Privilegi da Stati Uniti d’America
D’altro canto, è questo il punto, non è che Trump debba preoccuparsi più di tanto del deficit federale. Se gli Usa si fossero chiamati in un altro modo, il Fondo monetario internazionale avrebbe già spedito i suoi ispettori a commissariare Ministeri e bilanci. La verità è che i conti dell’America sono allo scasso e non si procede al pignoramento perché la finanza internazionale è prigioniera del dollaro. Che vuol dire, che gli Usa possono fallire? No, ma ci marciano, come fa ora Trump. Il loro debito pubblico è la principale fonte di finanziamento valutario, grazie al dollaro, per il resto del mondo. Quasi tutte le transazioni avvengono in dollari, e chi cerca di farlo in qualche altra valuta è guardato di traverso.

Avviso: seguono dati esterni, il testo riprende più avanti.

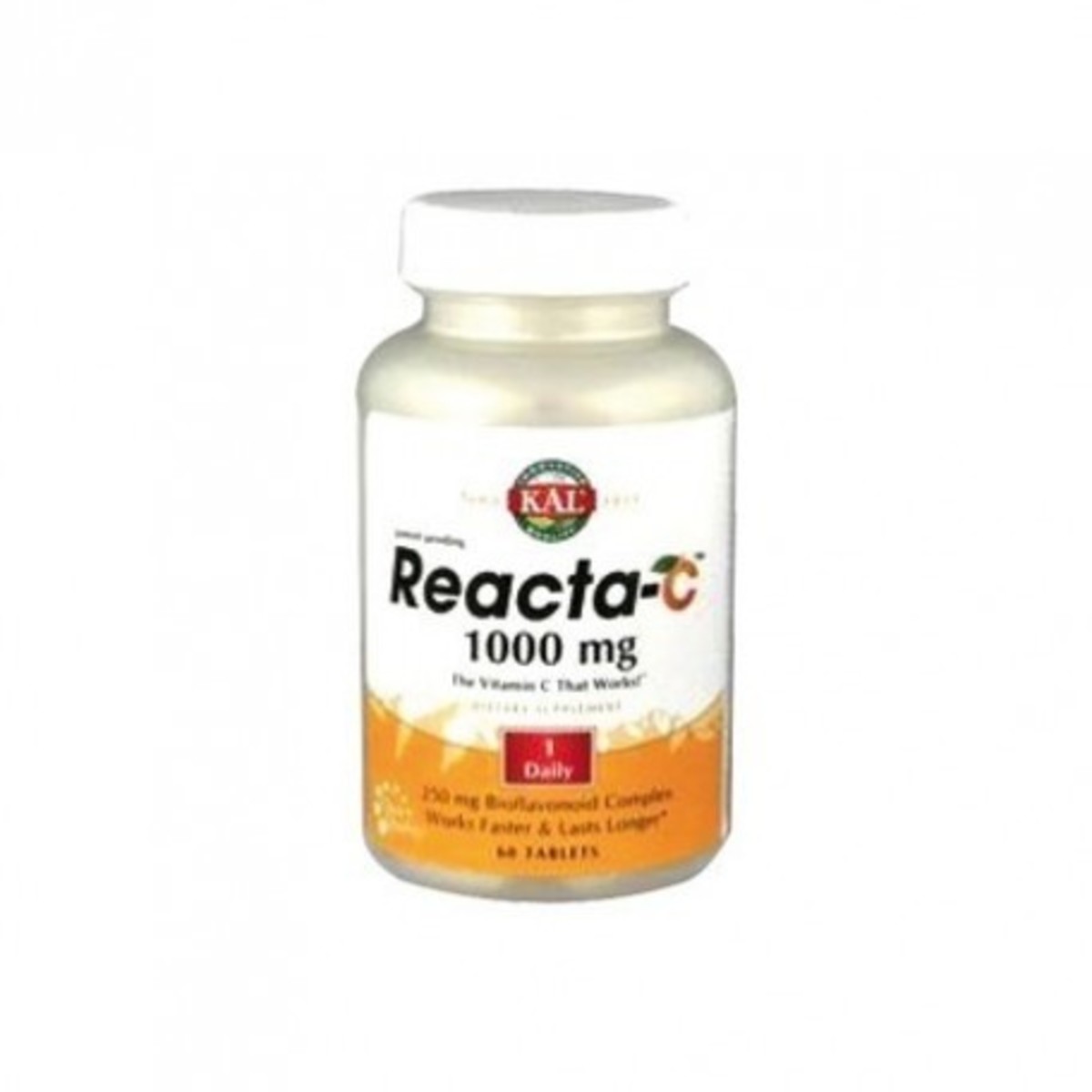 Reacta-C 1000 mg 60 Comprimidos Kal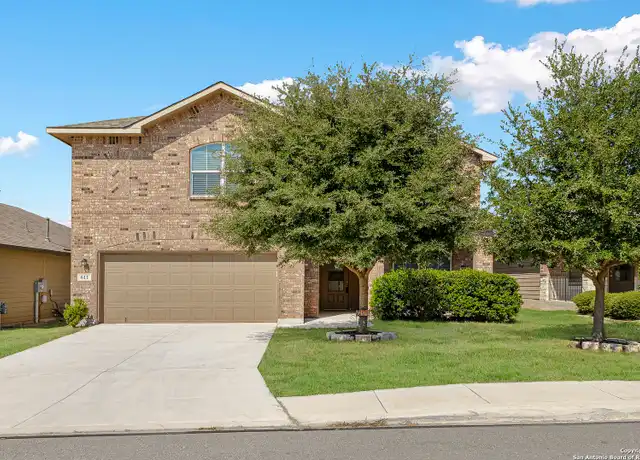 Property at 611 Rose Spoonbill, San Antonio, TX, 78253, 5 beds, 3.5 baths, [object Object]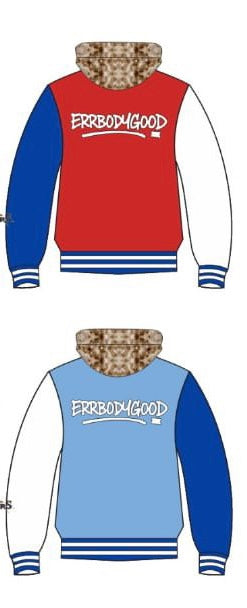 Reverse Goodie Letterman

In tempi non sospetti, Giscard d’Estaing, allora Ministro delle Finanze della Francia, disse che Washington godeva di questo “privilegio esorbitante”, che le consentiva di fare debiti, sapendo che qualcuno avrebbe comunque comprato il dollaro, indipendentemente dalle sue oscillazioni. Oggi, Trump non fa altro che approfittare, furbescamente, di un potere finanziario senza limiti, che il suprematismo americano ha saputo costruire nell’ultimo secolo. Ci sono molti modi di fare le guerre, anche senza dover sparare un colpo.